REQUIRED WORK: Set out exactly every line of the entries below, starting at the line that holds "thumbnail image 2" and stopping after the line that holds "Leopard Printed Satin".

EXERCISE MATERIAL:
****************************************
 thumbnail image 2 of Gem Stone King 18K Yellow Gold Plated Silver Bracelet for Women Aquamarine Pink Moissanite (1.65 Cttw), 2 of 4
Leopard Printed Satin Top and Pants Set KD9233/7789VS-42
****************************************
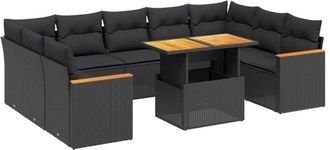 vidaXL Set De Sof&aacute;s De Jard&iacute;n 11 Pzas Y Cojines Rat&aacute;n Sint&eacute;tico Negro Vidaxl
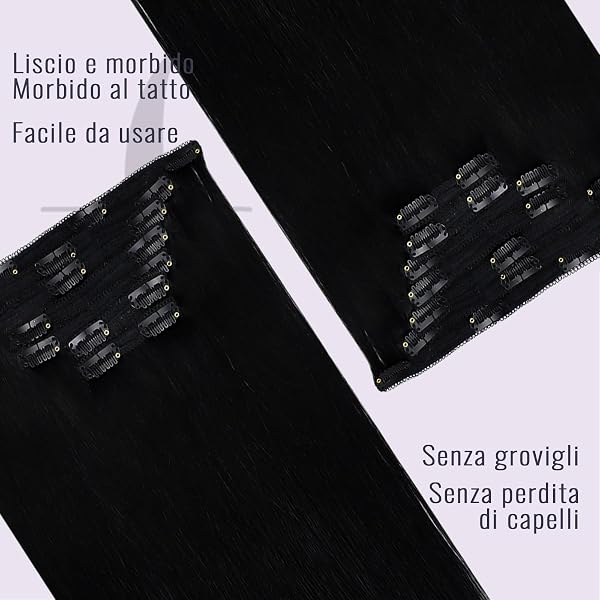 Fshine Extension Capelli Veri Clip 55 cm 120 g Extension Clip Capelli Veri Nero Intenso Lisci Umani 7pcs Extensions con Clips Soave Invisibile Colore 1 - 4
****************************************
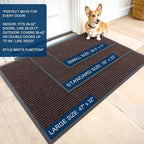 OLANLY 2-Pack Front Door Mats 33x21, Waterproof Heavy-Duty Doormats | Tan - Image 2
****************************************
ANSWER:
 thumbnail image 2 of Gem Stone King 18K Yellow Gold Plated Silver Bracelet for Women Aquamarine Pink Moissanite (1.65 Cttw), 2 of 4
Leopard Printed Satin Top and Pants Set KD9233/7789VS-42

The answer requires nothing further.